UNIDENTIFIED PERSON #1: Two-thousand-year-old stone Buddhas carved into cliffs.

UNIDENTIFIED PERSON #2: Cultural wonders of the world.

NASSER: He was directly associated with Osama bin Laden before and after Sept. 11, quote, "one of the most important military advisers to Osama bin Laden." He allegedly commanded troops against U.S. and coalition forces on the frontlines of the battle of Tora Bora.

So there's a pretty big list of things that the United States government does or at one point thought he did.

KELLY: He's been at Guantanamo Bay, imprisoned since 2002. He's in his 50s now. He's been there - what? - a third of his life.

NASSER: Yeah. Yeah. So since 2002, no charges, no trial and tortured.

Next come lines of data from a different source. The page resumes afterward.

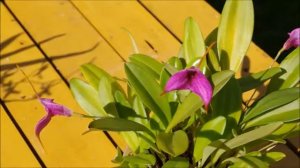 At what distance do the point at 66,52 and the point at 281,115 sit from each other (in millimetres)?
775

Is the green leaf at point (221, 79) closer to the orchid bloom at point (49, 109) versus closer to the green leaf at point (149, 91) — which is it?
the green leaf at point (149, 91)

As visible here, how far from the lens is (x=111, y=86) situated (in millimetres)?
1188

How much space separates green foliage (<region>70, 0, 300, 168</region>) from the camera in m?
0.99

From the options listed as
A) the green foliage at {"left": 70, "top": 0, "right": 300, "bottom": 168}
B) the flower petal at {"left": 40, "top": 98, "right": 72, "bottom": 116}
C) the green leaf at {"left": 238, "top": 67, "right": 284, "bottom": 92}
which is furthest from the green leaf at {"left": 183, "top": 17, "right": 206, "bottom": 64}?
the flower petal at {"left": 40, "top": 98, "right": 72, "bottom": 116}

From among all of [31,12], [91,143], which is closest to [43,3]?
[31,12]

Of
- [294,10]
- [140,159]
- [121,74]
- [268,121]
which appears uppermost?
[121,74]

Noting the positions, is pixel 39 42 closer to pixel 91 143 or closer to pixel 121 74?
pixel 121 74

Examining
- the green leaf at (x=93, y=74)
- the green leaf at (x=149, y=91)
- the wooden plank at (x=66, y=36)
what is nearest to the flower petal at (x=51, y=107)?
the green leaf at (x=149, y=91)

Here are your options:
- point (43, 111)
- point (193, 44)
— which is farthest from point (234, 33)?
point (43, 111)

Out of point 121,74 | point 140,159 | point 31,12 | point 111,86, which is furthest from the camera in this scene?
point 31,12

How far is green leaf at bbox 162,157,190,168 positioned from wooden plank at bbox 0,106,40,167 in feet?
1.46

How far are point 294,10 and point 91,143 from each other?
1.56m

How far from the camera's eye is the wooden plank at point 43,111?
4.44 ft

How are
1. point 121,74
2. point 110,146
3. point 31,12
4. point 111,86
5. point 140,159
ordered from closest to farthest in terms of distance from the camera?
point 140,159
point 111,86
point 110,146
point 121,74
point 31,12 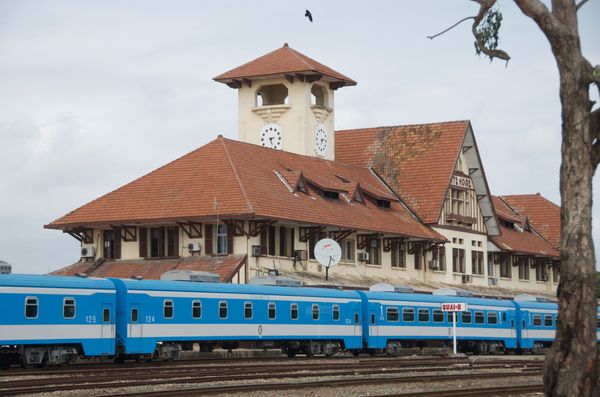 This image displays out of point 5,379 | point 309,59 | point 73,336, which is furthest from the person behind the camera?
point 309,59

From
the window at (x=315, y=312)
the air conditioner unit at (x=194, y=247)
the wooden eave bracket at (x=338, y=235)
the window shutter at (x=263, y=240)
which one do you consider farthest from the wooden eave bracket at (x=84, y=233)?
the window at (x=315, y=312)

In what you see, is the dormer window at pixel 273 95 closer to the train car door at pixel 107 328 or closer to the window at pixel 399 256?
the window at pixel 399 256

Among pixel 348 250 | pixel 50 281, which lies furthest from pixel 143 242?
pixel 50 281

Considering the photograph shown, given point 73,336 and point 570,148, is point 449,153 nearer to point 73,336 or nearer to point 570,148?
point 73,336

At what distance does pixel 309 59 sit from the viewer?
75.7m

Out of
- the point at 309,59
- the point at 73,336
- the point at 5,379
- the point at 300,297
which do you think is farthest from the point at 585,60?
the point at 309,59

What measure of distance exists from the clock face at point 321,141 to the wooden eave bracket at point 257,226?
16.4m

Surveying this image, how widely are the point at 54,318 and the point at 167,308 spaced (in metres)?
5.09

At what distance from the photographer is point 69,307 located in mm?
38344

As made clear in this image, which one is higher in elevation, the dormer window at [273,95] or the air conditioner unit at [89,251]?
the dormer window at [273,95]

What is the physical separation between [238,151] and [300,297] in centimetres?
1943

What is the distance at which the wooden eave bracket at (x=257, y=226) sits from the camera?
59.5 m

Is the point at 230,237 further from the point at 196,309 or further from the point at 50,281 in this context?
the point at 50,281

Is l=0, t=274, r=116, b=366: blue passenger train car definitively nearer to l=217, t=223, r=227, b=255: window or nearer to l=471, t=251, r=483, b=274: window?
l=217, t=223, r=227, b=255: window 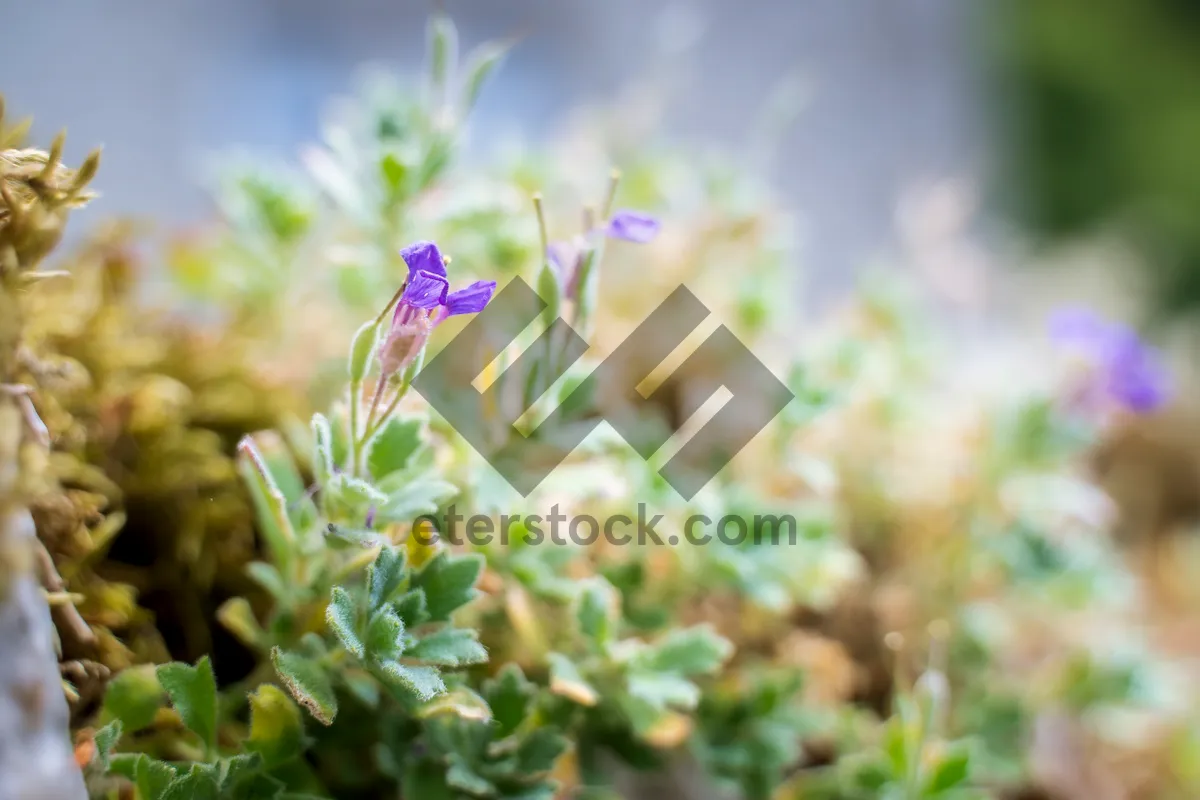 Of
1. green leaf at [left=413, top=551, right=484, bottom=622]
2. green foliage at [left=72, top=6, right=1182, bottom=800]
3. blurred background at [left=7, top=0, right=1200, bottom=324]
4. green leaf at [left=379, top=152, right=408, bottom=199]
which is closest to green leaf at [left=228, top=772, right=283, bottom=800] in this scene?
green foliage at [left=72, top=6, right=1182, bottom=800]

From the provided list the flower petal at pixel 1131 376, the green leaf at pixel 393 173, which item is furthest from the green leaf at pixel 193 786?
the flower petal at pixel 1131 376

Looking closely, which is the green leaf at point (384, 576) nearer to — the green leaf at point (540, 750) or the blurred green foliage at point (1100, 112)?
the green leaf at point (540, 750)

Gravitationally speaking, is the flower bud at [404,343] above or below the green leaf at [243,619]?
above

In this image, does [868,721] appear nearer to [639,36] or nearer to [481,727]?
[481,727]

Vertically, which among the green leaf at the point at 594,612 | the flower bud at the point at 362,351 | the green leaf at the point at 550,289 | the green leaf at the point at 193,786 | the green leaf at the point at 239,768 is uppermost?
the green leaf at the point at 550,289

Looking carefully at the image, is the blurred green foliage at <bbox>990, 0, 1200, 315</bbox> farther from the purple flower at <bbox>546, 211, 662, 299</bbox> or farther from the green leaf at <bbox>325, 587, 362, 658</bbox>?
the green leaf at <bbox>325, 587, 362, 658</bbox>

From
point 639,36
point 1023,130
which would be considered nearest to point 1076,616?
point 639,36

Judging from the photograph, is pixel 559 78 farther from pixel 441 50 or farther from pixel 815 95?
pixel 441 50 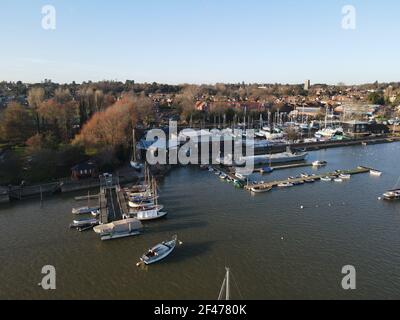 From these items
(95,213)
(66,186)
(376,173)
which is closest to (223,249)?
(95,213)

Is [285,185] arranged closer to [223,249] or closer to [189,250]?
[223,249]

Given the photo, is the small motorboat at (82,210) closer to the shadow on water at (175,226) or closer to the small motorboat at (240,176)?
the shadow on water at (175,226)

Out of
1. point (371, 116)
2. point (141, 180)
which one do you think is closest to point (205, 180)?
point (141, 180)

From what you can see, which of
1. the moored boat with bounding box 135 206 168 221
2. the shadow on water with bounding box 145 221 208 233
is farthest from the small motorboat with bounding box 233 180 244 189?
the moored boat with bounding box 135 206 168 221

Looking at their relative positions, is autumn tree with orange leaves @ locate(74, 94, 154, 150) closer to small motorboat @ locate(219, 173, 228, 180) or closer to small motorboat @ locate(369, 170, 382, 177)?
small motorboat @ locate(219, 173, 228, 180)

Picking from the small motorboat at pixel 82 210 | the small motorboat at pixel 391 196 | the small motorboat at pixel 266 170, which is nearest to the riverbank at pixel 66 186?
the small motorboat at pixel 82 210
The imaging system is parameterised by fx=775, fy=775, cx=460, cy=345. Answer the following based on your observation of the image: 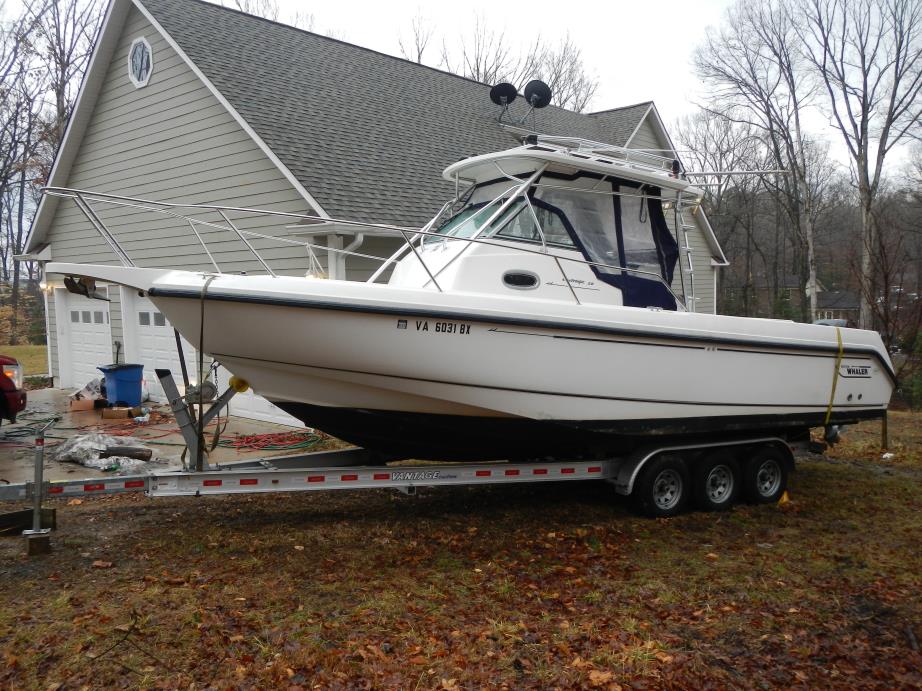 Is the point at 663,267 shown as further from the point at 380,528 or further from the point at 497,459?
the point at 380,528

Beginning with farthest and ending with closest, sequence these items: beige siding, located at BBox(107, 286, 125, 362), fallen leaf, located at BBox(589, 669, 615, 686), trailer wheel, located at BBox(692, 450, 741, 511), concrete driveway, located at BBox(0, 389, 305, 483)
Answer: beige siding, located at BBox(107, 286, 125, 362) < concrete driveway, located at BBox(0, 389, 305, 483) < trailer wheel, located at BBox(692, 450, 741, 511) < fallen leaf, located at BBox(589, 669, 615, 686)

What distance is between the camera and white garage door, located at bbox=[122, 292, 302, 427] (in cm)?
1164

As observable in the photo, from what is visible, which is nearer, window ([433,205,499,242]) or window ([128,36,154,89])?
window ([433,205,499,242])

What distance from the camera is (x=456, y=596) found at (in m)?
4.52

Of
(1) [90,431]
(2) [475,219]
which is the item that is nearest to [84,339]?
(1) [90,431]

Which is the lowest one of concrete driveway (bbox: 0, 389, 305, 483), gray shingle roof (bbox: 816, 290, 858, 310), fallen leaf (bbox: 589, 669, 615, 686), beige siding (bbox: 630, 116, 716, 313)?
fallen leaf (bbox: 589, 669, 615, 686)

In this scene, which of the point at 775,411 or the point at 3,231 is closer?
the point at 775,411

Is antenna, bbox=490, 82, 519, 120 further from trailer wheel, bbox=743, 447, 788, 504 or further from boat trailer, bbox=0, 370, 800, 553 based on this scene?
boat trailer, bbox=0, 370, 800, 553

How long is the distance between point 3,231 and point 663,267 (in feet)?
133

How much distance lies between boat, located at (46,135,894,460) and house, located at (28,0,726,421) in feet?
13.2

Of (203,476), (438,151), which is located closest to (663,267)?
(203,476)

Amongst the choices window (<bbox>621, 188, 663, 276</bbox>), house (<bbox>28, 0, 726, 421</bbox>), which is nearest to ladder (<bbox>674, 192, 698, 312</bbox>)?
window (<bbox>621, 188, 663, 276</bbox>)

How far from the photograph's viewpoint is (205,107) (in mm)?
11531

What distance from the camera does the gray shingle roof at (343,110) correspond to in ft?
34.7
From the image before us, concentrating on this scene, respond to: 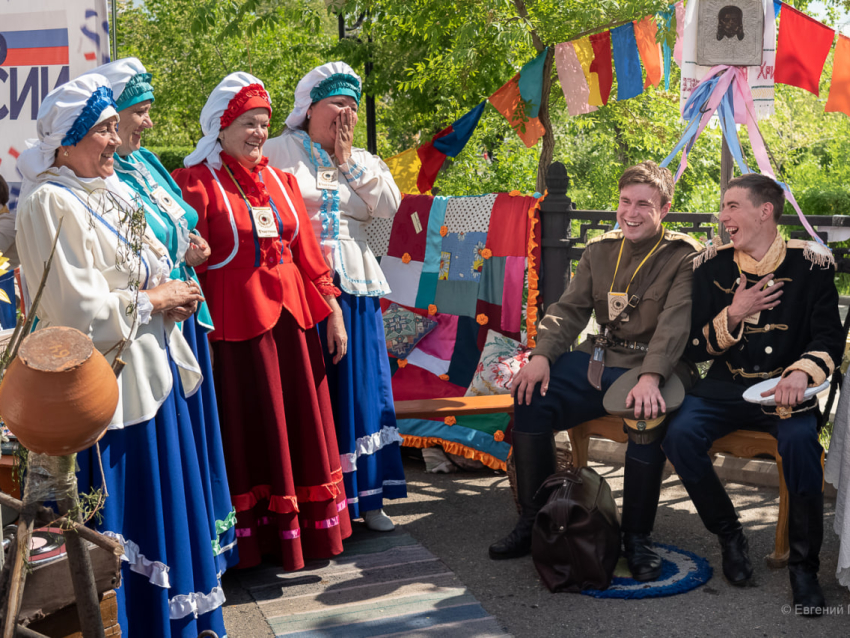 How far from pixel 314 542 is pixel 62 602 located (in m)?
1.68

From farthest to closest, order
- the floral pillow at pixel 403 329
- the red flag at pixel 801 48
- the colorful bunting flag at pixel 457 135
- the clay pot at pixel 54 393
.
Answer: the colorful bunting flag at pixel 457 135
the floral pillow at pixel 403 329
the red flag at pixel 801 48
the clay pot at pixel 54 393

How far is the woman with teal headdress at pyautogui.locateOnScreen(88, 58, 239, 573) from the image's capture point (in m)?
2.90

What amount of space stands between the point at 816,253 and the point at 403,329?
251cm

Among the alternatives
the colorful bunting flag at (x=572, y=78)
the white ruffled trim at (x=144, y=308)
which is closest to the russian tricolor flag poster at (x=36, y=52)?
the white ruffled trim at (x=144, y=308)

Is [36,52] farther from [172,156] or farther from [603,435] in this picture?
[172,156]

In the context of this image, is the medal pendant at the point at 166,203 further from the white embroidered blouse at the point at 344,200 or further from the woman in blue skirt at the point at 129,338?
the white embroidered blouse at the point at 344,200

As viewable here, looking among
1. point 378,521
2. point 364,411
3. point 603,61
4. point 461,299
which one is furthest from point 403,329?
point 603,61

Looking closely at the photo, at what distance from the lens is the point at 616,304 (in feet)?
12.8

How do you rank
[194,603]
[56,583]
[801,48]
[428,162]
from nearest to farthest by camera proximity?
[56,583] → [194,603] → [801,48] → [428,162]

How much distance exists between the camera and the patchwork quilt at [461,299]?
496 cm

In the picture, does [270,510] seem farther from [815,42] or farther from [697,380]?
[815,42]

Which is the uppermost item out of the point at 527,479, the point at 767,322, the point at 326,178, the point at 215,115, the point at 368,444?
the point at 215,115

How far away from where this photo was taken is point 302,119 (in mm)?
3973

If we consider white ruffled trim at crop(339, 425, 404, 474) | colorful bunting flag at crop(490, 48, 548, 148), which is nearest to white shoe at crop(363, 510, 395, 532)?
white ruffled trim at crop(339, 425, 404, 474) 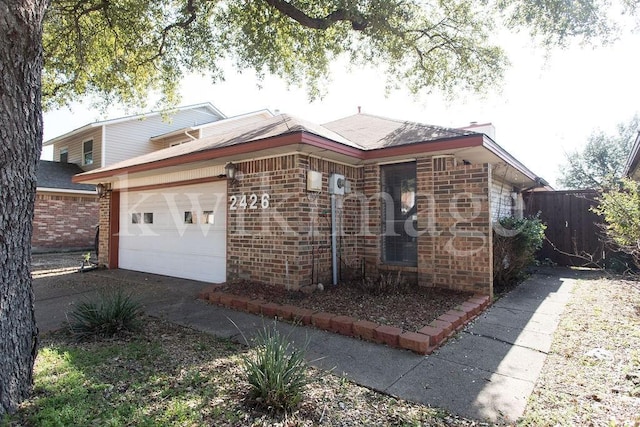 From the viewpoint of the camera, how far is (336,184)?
20.6 feet

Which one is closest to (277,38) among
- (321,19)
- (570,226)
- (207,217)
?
(321,19)

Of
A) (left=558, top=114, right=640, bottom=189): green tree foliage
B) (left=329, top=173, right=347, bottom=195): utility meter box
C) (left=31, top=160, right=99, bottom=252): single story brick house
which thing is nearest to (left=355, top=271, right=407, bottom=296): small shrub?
(left=329, top=173, right=347, bottom=195): utility meter box

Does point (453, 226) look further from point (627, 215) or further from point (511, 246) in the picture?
point (627, 215)

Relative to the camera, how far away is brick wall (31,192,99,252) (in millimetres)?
14578

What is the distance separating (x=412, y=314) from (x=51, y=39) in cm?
931

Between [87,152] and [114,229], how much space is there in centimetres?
1015

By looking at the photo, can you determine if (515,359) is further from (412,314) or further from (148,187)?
(148,187)

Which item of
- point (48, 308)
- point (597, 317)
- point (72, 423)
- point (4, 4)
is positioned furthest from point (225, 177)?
point (597, 317)

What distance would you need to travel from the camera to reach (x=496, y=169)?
7.29 metres

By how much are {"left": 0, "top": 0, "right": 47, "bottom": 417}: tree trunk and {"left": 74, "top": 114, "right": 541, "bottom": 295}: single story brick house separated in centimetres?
302

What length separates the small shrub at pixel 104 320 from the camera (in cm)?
414

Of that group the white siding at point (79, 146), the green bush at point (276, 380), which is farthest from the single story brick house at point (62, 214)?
the green bush at point (276, 380)

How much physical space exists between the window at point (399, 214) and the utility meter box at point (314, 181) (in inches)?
54.8

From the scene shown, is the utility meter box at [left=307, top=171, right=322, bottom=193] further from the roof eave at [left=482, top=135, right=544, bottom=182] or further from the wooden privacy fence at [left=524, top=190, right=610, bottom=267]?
the wooden privacy fence at [left=524, top=190, right=610, bottom=267] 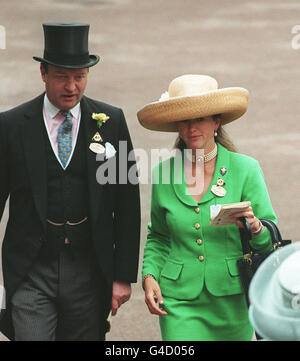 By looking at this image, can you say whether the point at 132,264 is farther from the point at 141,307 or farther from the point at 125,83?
the point at 125,83

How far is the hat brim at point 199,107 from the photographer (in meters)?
5.02

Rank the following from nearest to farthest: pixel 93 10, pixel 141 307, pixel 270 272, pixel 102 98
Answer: pixel 270 272 → pixel 141 307 → pixel 102 98 → pixel 93 10

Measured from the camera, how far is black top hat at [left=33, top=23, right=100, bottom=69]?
502 centimetres

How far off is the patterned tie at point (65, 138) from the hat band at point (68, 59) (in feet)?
0.78

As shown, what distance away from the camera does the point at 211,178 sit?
5.16 metres

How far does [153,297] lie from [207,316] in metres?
0.25

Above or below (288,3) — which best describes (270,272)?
below

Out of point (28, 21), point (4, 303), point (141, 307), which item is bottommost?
point (141, 307)

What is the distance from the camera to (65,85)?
500 centimetres

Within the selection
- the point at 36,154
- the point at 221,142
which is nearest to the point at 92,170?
the point at 36,154

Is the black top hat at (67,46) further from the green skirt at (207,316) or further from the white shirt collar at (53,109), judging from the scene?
the green skirt at (207,316)

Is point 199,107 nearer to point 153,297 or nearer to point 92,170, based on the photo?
point 92,170
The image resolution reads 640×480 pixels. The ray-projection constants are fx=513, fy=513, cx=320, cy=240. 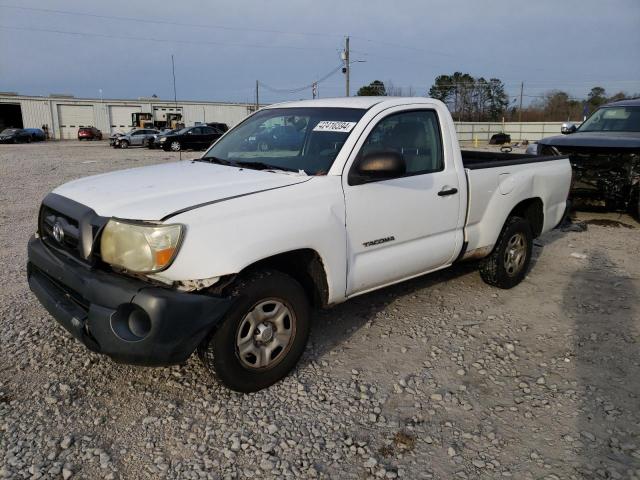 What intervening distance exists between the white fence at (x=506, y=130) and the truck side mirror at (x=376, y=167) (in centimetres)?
4341

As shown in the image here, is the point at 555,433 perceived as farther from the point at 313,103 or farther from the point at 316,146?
the point at 313,103

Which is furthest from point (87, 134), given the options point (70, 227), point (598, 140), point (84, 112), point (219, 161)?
point (70, 227)

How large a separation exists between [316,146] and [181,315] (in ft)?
5.53

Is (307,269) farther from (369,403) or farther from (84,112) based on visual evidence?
(84,112)

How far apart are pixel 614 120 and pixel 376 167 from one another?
804cm

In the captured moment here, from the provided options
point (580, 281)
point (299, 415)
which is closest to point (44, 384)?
point (299, 415)

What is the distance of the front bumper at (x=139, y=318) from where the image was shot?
2.65 m

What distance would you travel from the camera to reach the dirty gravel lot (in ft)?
8.66

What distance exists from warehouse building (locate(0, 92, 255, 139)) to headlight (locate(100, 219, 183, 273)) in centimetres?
5880

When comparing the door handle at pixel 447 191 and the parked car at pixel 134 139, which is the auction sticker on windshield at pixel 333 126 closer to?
the door handle at pixel 447 191

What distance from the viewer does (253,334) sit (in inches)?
122

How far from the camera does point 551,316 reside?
4.58m

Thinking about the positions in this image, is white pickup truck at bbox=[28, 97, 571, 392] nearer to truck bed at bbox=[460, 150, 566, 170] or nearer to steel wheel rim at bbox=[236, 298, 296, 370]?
steel wheel rim at bbox=[236, 298, 296, 370]

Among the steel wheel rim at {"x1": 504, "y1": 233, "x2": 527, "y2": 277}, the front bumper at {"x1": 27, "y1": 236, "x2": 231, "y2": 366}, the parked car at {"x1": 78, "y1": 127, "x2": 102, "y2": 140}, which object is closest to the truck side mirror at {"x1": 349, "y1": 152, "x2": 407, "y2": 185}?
the front bumper at {"x1": 27, "y1": 236, "x2": 231, "y2": 366} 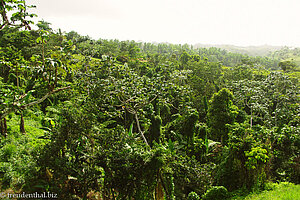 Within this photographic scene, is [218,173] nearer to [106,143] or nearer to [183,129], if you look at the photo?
[183,129]

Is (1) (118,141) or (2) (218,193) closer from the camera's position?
(1) (118,141)

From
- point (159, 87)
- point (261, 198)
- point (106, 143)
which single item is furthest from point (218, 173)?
point (106, 143)

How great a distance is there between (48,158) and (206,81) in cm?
2041

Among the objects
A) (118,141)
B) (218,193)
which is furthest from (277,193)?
(118,141)

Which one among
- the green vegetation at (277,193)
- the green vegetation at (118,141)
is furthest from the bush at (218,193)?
the green vegetation at (277,193)

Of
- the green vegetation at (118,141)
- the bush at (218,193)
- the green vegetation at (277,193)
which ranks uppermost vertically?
the green vegetation at (118,141)

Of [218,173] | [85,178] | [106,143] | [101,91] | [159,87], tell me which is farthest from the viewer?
[218,173]

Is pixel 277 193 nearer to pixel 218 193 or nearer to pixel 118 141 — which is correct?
pixel 218 193

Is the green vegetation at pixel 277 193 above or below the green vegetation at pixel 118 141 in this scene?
below

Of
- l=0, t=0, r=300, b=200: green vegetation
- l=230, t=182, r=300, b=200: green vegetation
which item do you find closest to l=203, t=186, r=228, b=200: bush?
l=0, t=0, r=300, b=200: green vegetation

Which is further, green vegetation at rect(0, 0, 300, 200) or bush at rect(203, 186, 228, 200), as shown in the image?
bush at rect(203, 186, 228, 200)

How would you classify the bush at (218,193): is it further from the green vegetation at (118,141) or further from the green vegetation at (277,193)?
the green vegetation at (277,193)

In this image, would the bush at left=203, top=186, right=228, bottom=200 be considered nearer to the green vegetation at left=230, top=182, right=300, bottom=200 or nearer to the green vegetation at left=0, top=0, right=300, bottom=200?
the green vegetation at left=0, top=0, right=300, bottom=200

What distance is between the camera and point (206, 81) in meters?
22.9
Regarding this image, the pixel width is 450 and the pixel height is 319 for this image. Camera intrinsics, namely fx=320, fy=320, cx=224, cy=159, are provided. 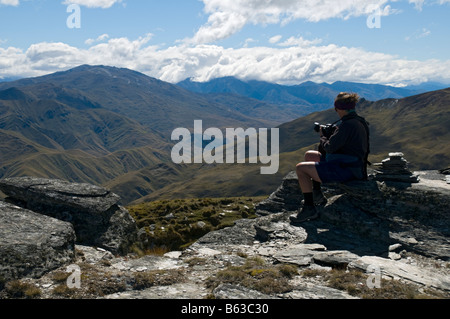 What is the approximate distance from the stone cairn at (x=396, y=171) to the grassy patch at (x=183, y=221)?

KELLY: So you go about trying to investigate this. You reach out to his lawyer, who you've now interviewed multiple times. She, not surprisingly, since she is his lawyer, maintains - what? - that he that he didn't do any of the things the U.S. government has accused him of doing?

NASSER: Pretty much. So her name is Shelby Sullivan-Bennis. She - her version of his life - she's sort of circumscribed in what she's allowed to say about his life. But basically, her version is that the reason this guy was in Afghanistan, where he got picked up, was that he was a religious guy. He wanted to go there to help his fellow Muslims to live in a perfect Islamic society, but that he was not a fighter on the frontlines. He was not going there with this sort of militant intent. And that he basically was sold for a bounty to the United States. And he just happened to be at the wrong place at the wrong time, swept up by Afghan forces and sold to the U.S.

KELLY: As you set about trying to investigate this, you're trying to obviously interview everybody here in the U.S. that you can. But you also are trying to figure out, well, what did happen to this guy in his life? I will say Episode 2, which I've listened to, finds you in the home where the other Latif was born and raised and sitting down trying to talk with his family in Morocco. What did you learn?

NASSER: Well, I went in just thinking, how am I going to get this family to trust me, to talk to me, given that I'm coming from this country that has kept their brother, in some cases, for over a decade and half without a trial? And I went there thinking that there was no way they were going to trust me. And what I found was exactly the opposite.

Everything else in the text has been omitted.